▸ **PROBLEM DESCRIPTION**
Only the lines from the one containing "Foto : La noche" through the end of the material should be printed, exactly as they appear. Leave out pictures.

▸ **RECORDS SHOWN**
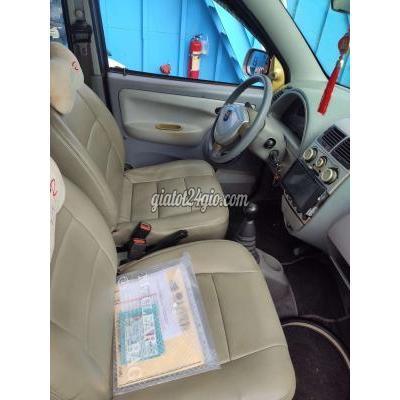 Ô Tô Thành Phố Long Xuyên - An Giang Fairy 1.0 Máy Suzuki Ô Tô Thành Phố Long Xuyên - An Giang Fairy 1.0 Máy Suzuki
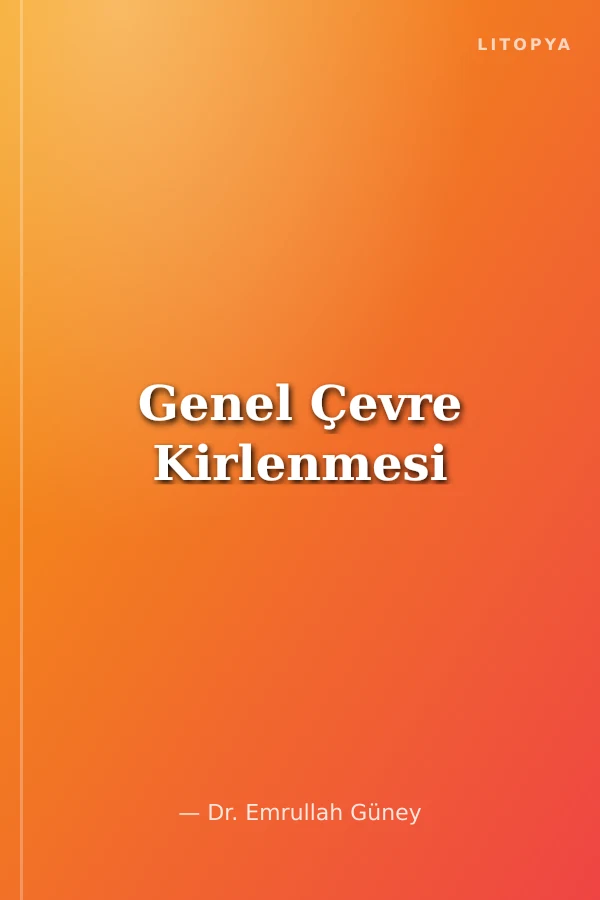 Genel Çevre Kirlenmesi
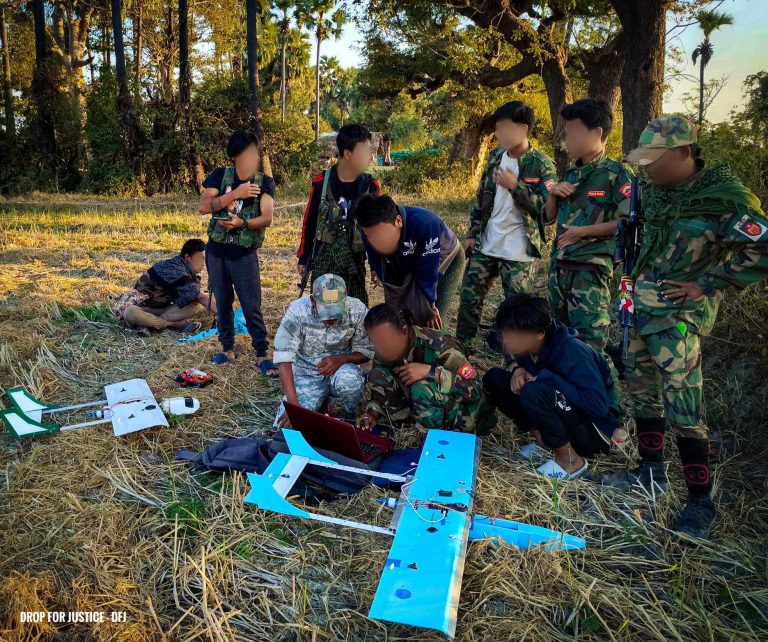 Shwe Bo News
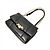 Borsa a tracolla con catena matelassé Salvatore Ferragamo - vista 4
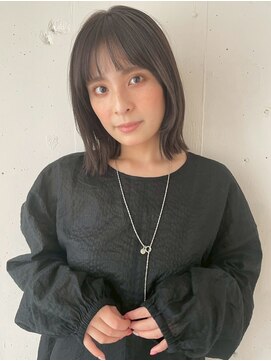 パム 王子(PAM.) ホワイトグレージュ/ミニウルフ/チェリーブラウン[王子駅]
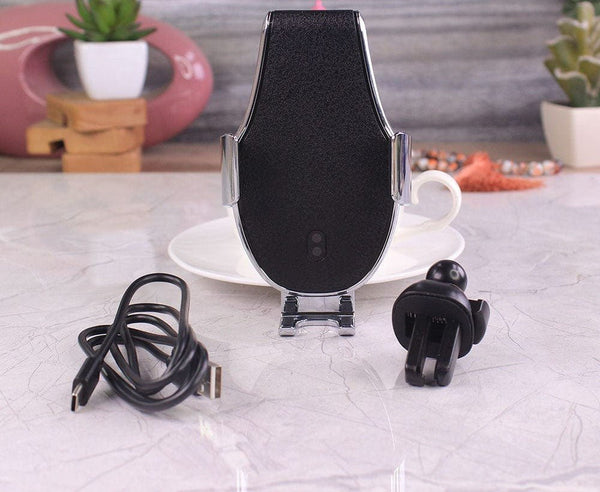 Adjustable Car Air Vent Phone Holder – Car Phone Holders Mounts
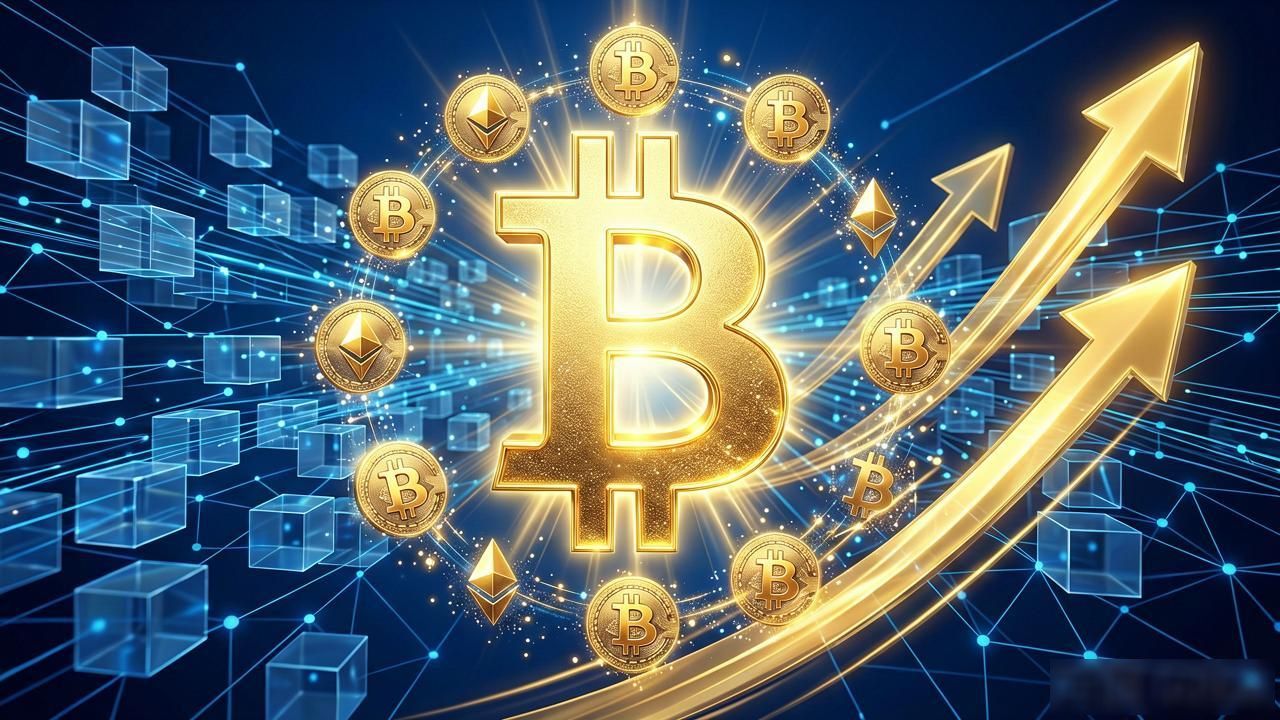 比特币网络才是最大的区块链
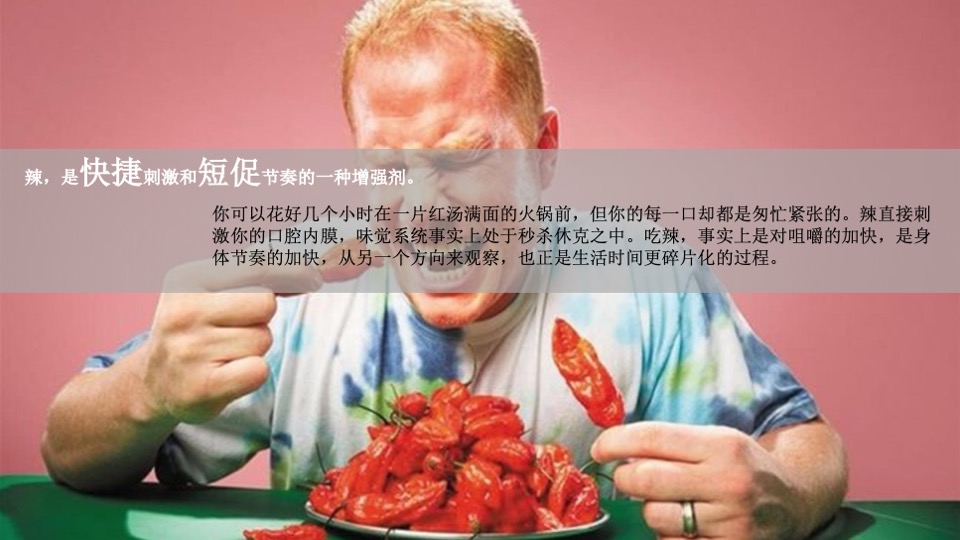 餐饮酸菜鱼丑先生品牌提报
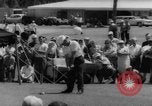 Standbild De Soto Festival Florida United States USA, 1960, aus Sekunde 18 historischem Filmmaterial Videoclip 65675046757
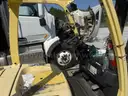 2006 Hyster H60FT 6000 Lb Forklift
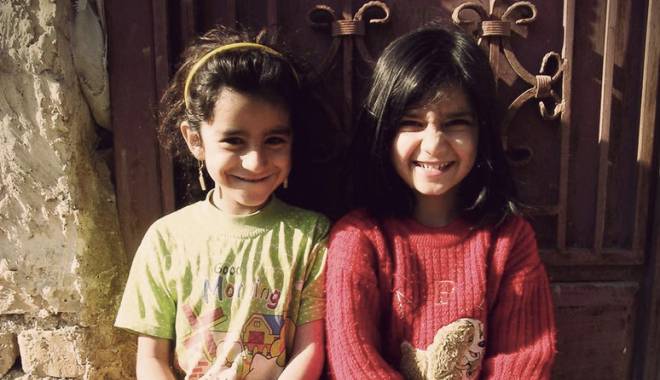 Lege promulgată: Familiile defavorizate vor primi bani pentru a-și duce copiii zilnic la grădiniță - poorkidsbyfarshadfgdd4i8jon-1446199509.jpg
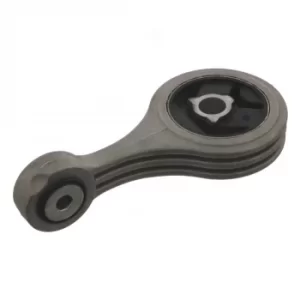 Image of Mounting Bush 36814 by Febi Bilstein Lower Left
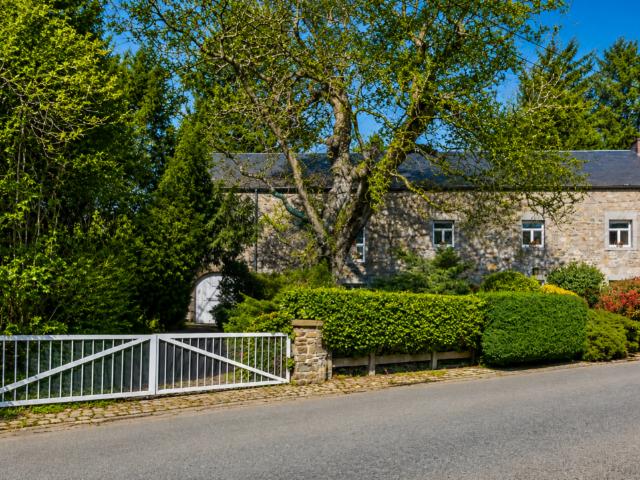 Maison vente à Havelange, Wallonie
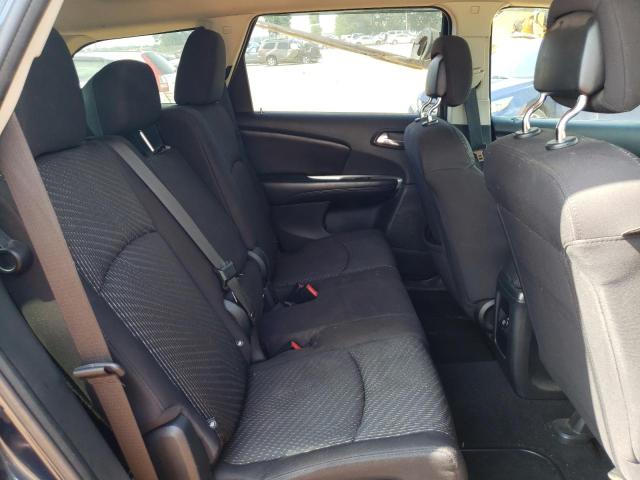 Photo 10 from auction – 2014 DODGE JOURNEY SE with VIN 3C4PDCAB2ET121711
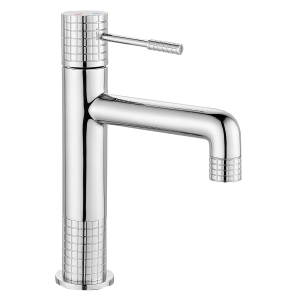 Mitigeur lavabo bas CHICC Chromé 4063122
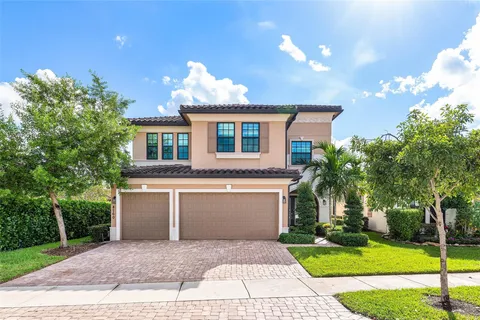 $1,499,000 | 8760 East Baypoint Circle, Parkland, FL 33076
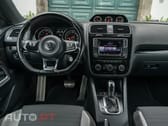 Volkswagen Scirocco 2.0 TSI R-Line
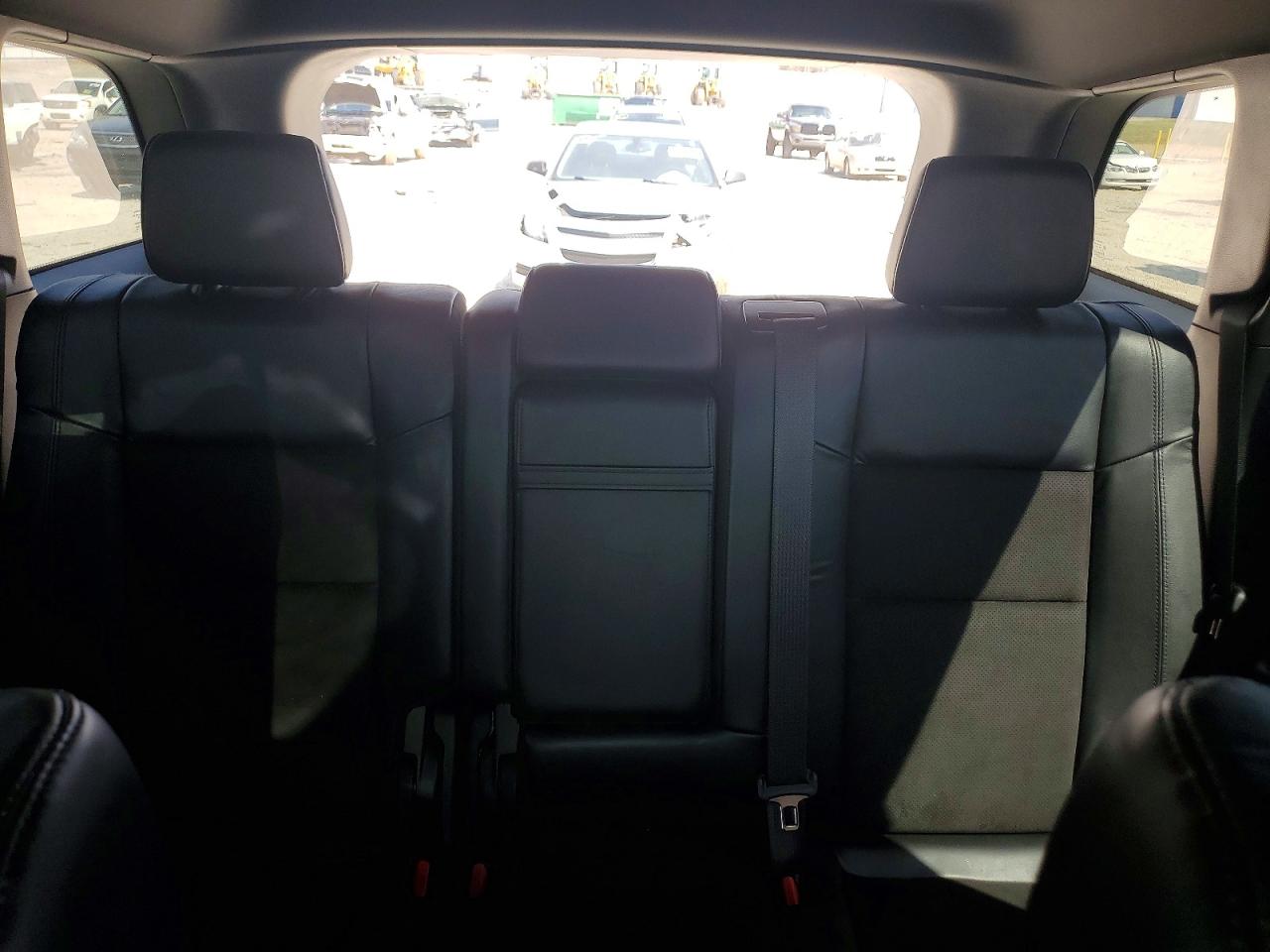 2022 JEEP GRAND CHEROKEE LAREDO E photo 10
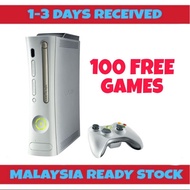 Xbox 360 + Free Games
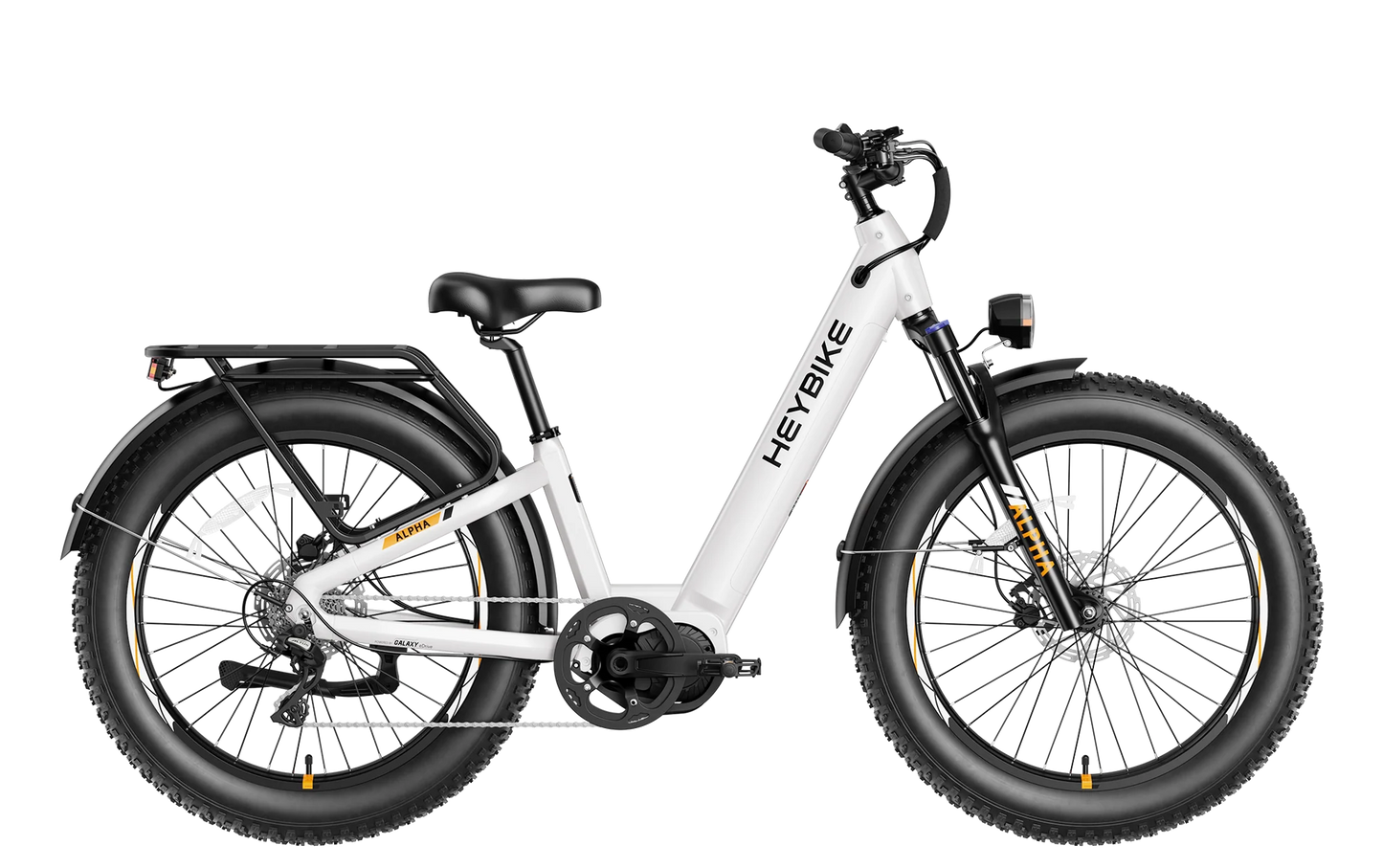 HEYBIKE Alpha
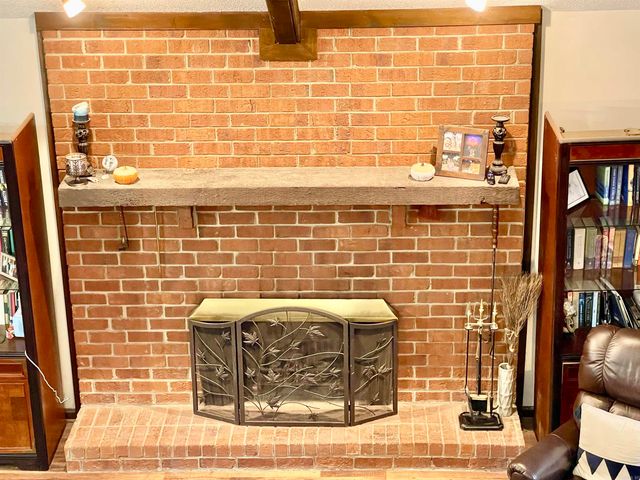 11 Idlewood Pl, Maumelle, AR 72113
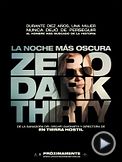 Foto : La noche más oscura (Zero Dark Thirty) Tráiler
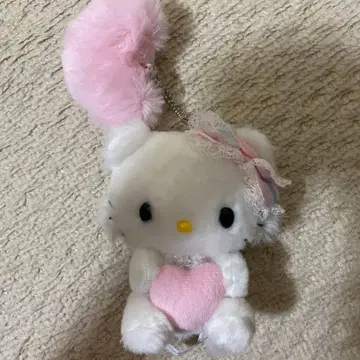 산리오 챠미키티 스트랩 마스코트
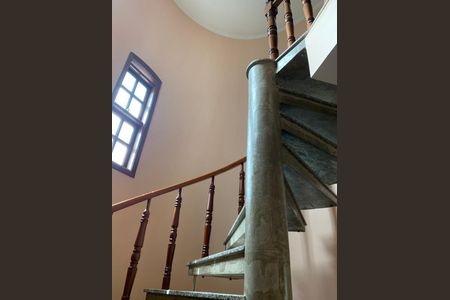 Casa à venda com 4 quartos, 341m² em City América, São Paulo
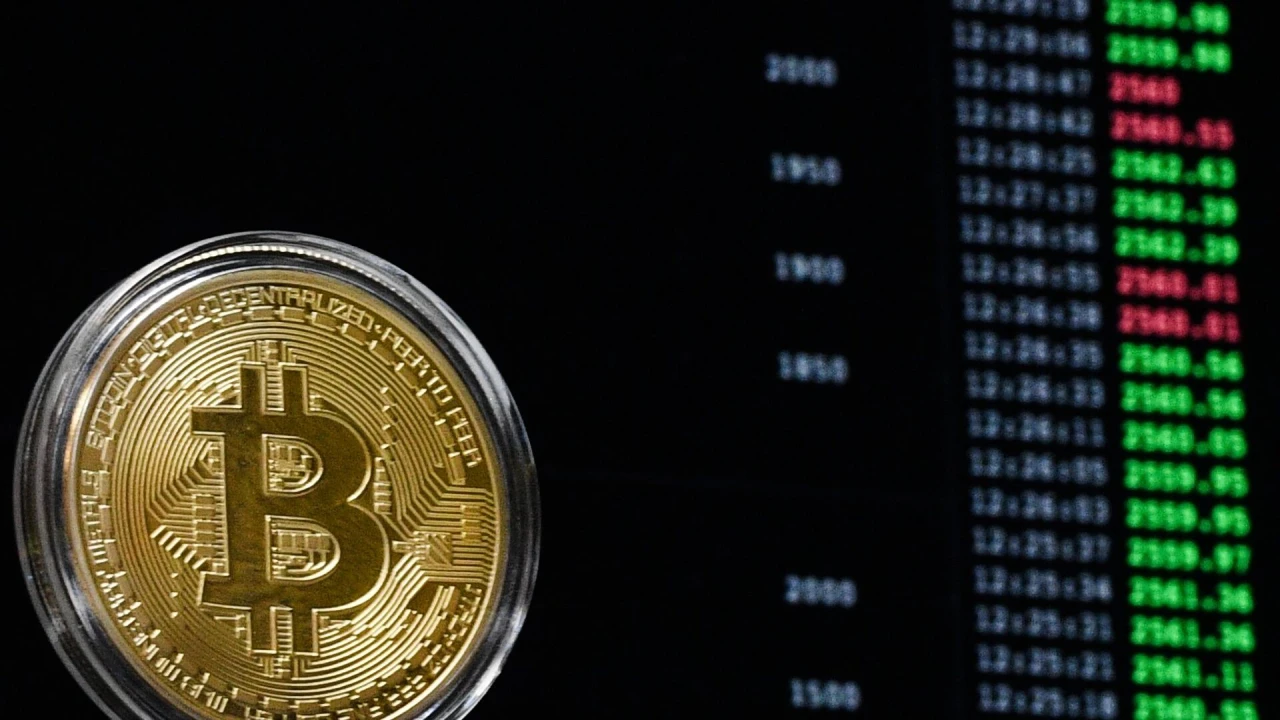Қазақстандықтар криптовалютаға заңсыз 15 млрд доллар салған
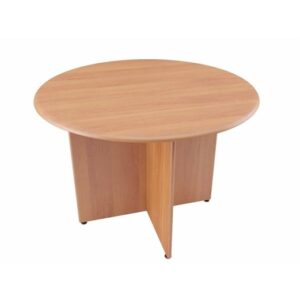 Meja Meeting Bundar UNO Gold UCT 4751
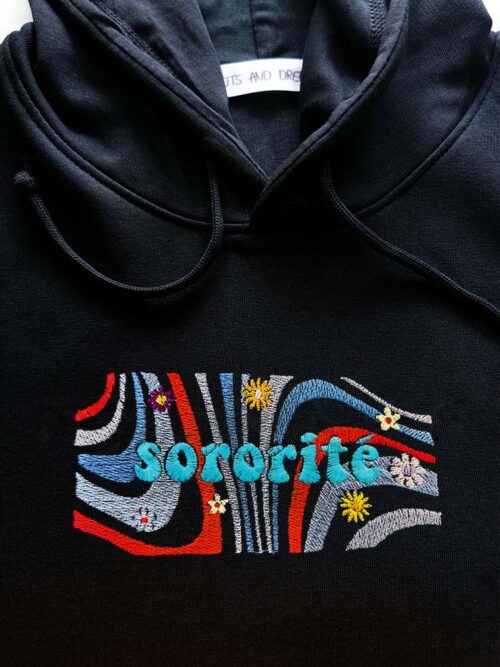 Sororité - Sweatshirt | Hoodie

▸ **OUTPUT BELOW**
 Foto : La noche más oscura (Zero Dark Thirty) Tráiler
 산리오 챠미키티 스트랩 마스코트
 Casa à venda com 4 quartos, 341m² em City América, São Paulo
Қазақстандықтар криптовалютаға заңсыз 15 млрд доллар салған
 Meja Meeting Bundar UNO Gold UCT 4751
 Sororité - Sweatshirt | Hoodie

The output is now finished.